## Task brief
Make an exact copy, from the records below, of the lines from the line containing "And pretty much" to the line containing "The 14 element", both lines included, excluding pictures.

## Record excerpts
'''

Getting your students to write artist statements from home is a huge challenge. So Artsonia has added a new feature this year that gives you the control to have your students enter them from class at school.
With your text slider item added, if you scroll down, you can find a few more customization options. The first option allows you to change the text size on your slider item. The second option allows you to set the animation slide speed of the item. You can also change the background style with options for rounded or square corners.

'''
'''

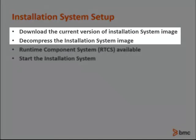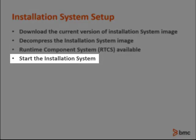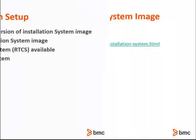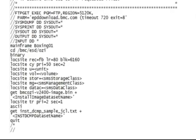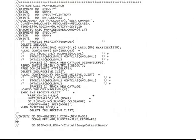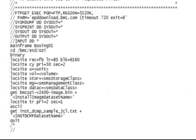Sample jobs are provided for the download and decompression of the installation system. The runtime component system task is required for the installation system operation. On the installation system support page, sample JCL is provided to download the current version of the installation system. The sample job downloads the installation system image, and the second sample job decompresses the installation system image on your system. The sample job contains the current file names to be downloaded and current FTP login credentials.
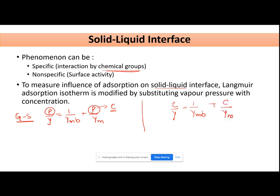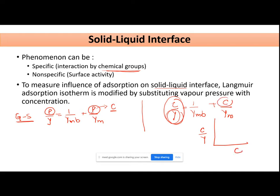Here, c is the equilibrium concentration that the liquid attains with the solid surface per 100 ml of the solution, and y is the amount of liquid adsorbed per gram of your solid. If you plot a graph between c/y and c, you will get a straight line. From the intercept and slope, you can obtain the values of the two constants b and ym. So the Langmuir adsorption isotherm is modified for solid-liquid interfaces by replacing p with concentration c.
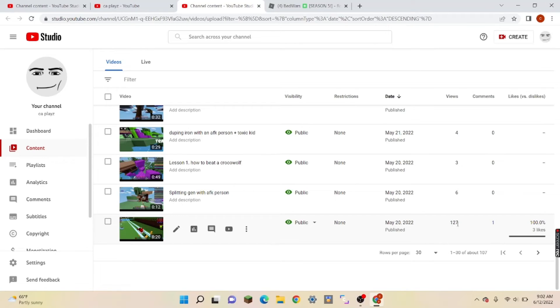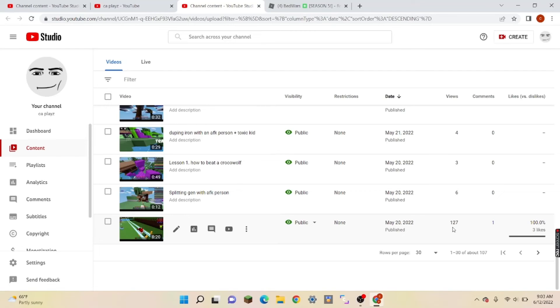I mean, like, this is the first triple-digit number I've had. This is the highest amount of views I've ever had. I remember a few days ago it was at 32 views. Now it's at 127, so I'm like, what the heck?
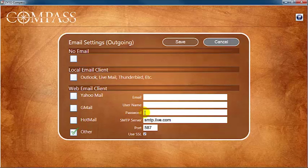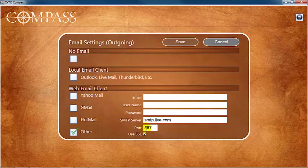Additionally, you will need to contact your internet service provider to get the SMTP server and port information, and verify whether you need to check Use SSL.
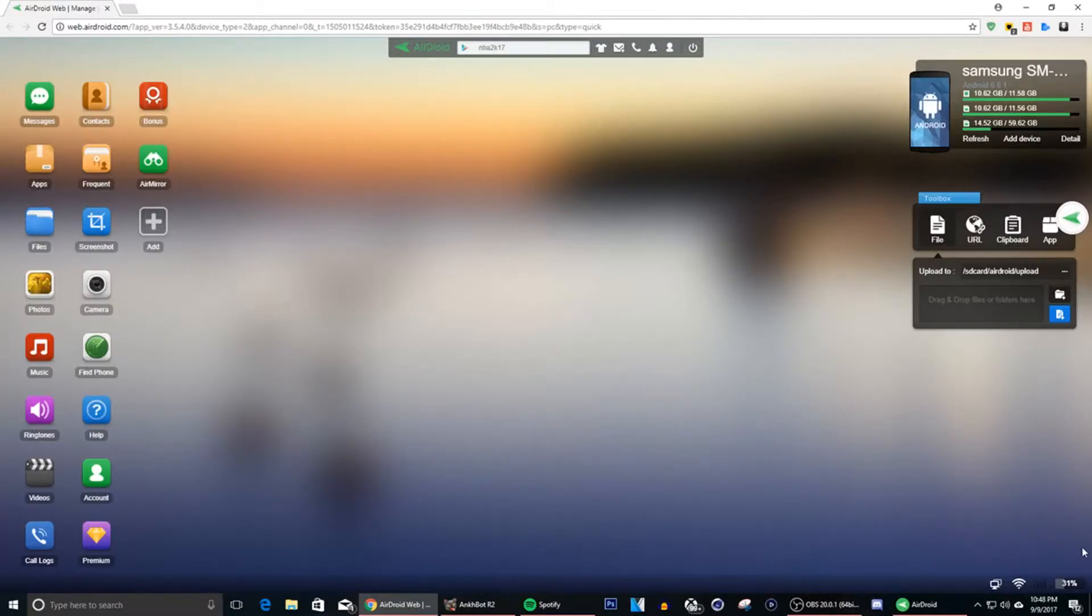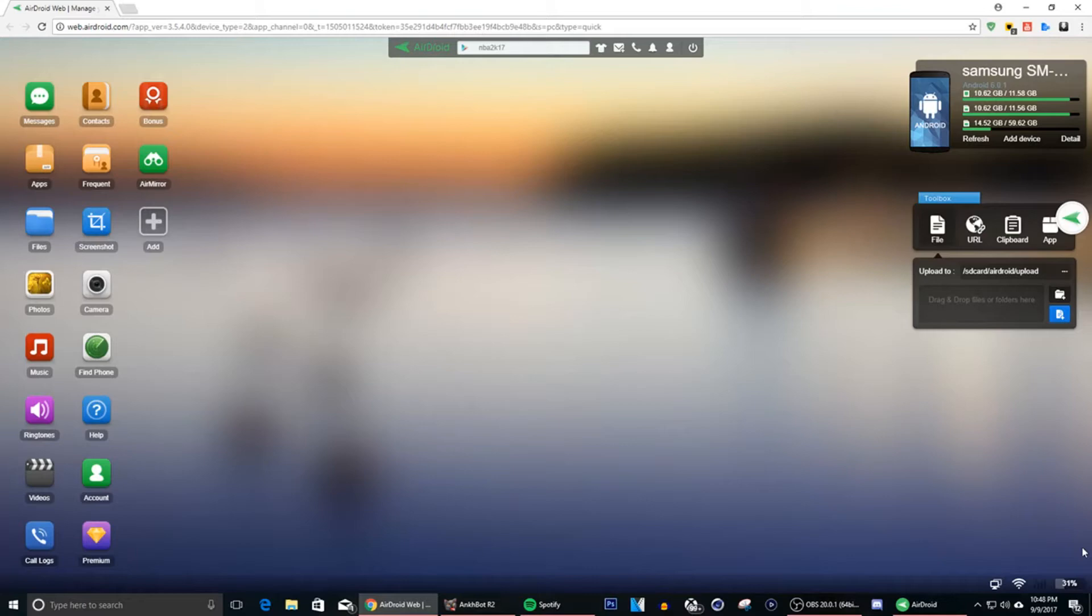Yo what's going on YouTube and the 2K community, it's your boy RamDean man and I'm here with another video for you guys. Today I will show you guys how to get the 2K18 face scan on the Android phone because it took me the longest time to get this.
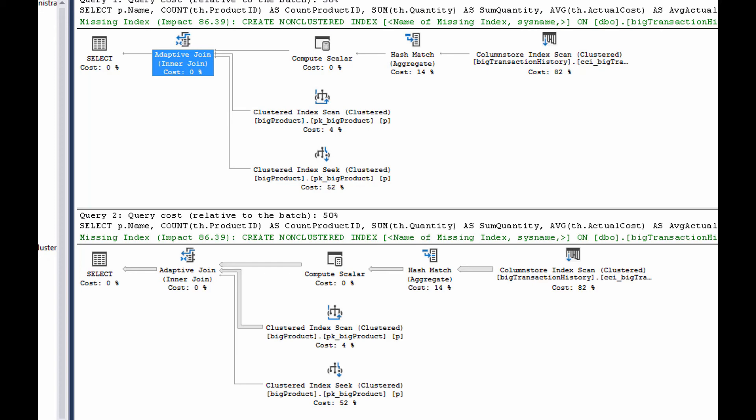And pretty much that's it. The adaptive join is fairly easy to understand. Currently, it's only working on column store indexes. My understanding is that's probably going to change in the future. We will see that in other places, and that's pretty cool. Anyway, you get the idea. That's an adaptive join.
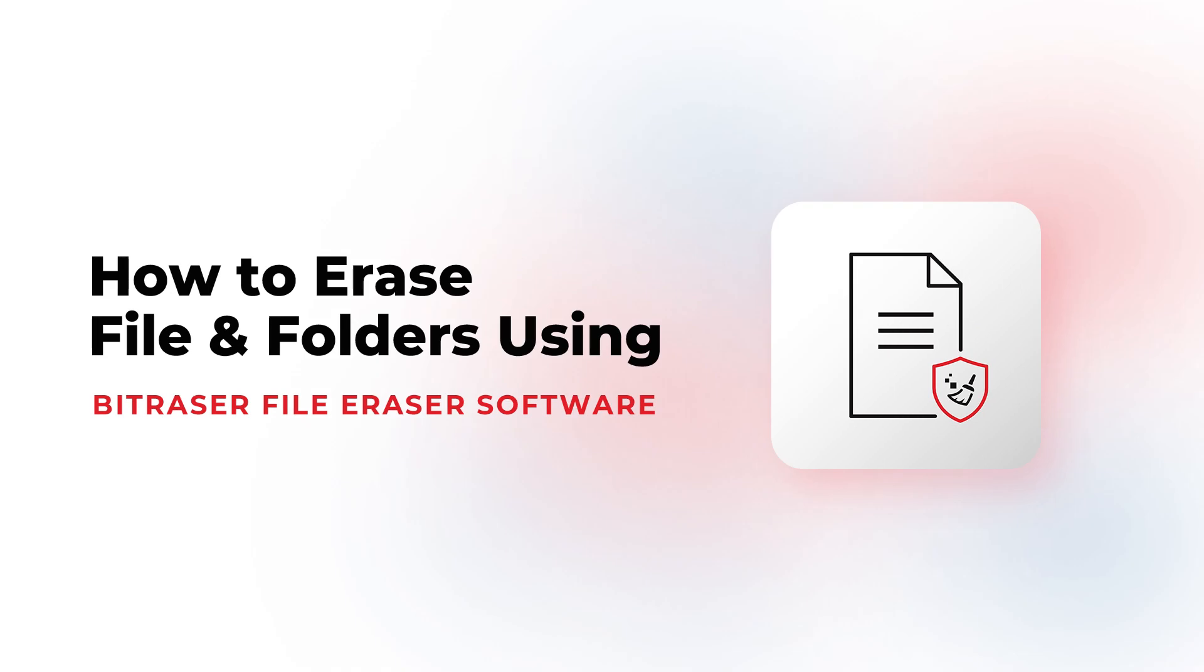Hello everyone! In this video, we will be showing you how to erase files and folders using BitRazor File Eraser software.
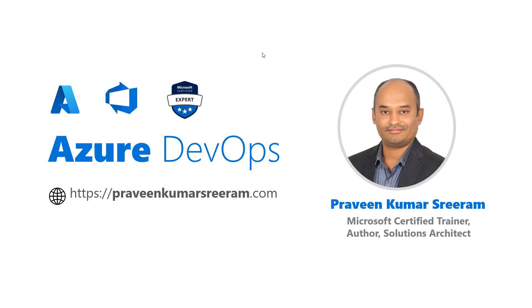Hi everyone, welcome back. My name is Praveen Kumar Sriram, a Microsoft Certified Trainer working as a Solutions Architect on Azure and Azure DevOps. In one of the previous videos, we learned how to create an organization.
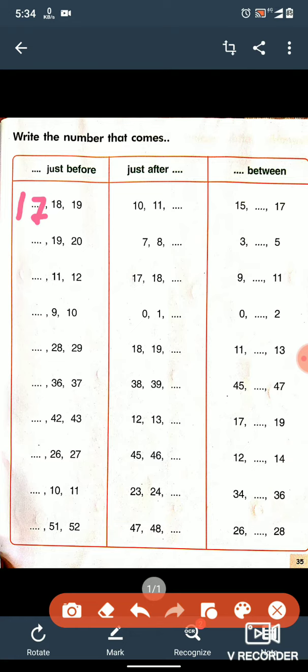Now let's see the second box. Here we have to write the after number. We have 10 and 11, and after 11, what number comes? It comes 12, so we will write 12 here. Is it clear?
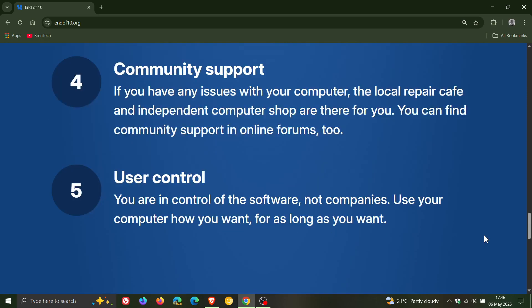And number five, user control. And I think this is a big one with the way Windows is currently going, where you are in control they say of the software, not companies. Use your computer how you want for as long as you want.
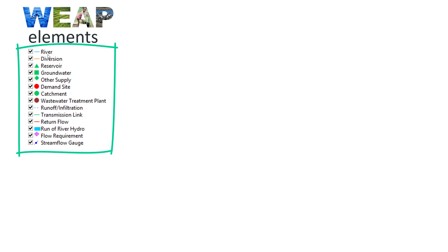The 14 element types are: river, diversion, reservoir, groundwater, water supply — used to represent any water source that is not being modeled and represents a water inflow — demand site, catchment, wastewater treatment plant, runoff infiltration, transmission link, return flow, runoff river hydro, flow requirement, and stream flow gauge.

'''
'''

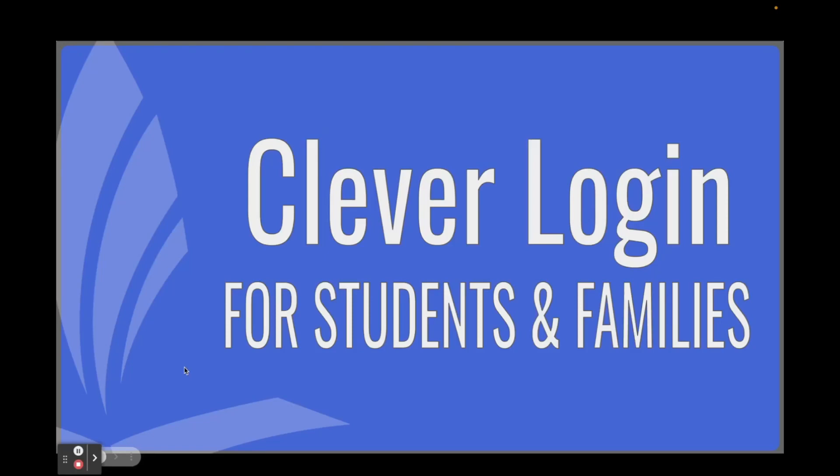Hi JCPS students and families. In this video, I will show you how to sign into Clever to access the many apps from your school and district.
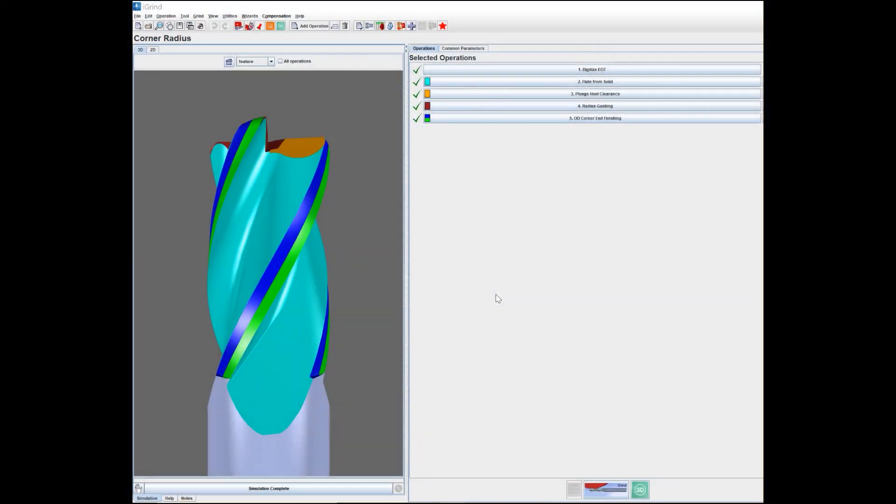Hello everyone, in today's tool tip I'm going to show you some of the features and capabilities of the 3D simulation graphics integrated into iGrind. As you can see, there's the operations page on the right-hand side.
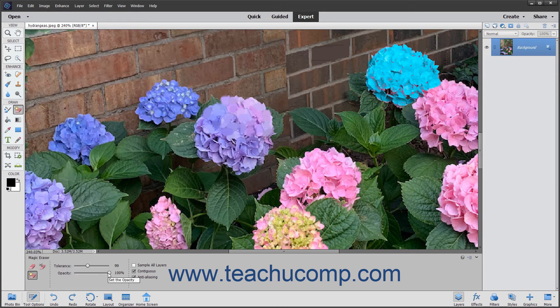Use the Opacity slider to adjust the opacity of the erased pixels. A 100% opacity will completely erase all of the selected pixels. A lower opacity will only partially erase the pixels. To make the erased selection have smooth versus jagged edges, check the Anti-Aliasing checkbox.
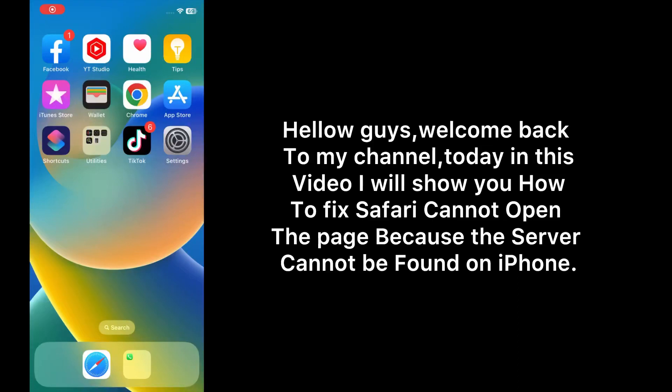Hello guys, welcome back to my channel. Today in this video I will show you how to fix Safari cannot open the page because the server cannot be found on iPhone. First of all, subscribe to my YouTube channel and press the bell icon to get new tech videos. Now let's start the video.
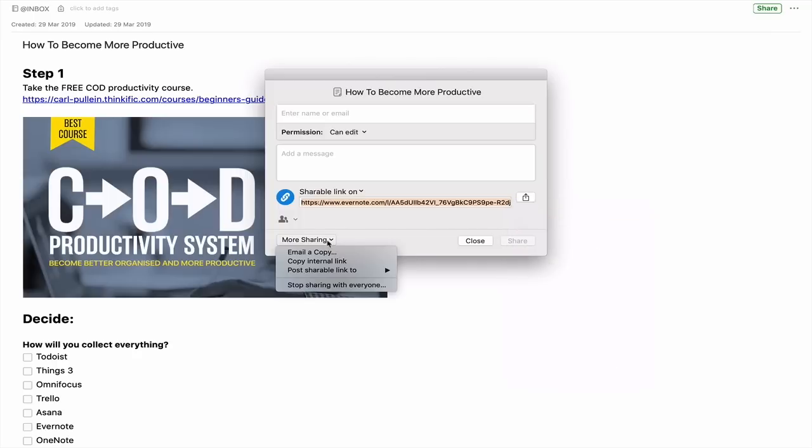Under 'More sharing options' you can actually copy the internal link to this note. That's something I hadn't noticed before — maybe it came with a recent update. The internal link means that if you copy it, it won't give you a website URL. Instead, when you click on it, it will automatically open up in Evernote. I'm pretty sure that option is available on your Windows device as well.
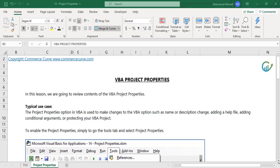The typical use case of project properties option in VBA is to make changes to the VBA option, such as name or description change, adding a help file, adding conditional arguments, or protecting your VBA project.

'''

## Response area
And pretty much that's it. The adaptive join is fairly easy to understand. Currently, it's only working on column store indexes. My understanding is that's probably going to change in the future. We will see that in other places, and that's pretty cool. Anyway, you get the idea. That's an adaptive join.
Hello everyone! In this video, we will be showing you how to erase files and folders using BitRazor File Eraser software.
Hi everyone, welcome back. My name is Praveen Kumar Sriram, a Microsoft Certified Trainer working as a Solutions Architect on Azure and Azure DevOps. In one of the previous videos, we learned how to create an organization.
Now let's see the second box. Here we have to write the after number. We have 10 and 11, and after 11, what number comes? It comes 12, so we will write 12 here. Is it clear?
And number five, user control. And I think this is a big one with the way Windows is currently going, where you are in control they say of the software, not companies. Use your computer how you want for as long as you want.
The 14 element types are: river, diversion, reservoir, groundwater, water supply — used to represent any water source that is not being modeled and represents a water inflow — demand site, catchment, wastewater treatment plant, runoff infiltration, transmission link, return flow, runoff river hydro, flow requirement, and stream flow gauge.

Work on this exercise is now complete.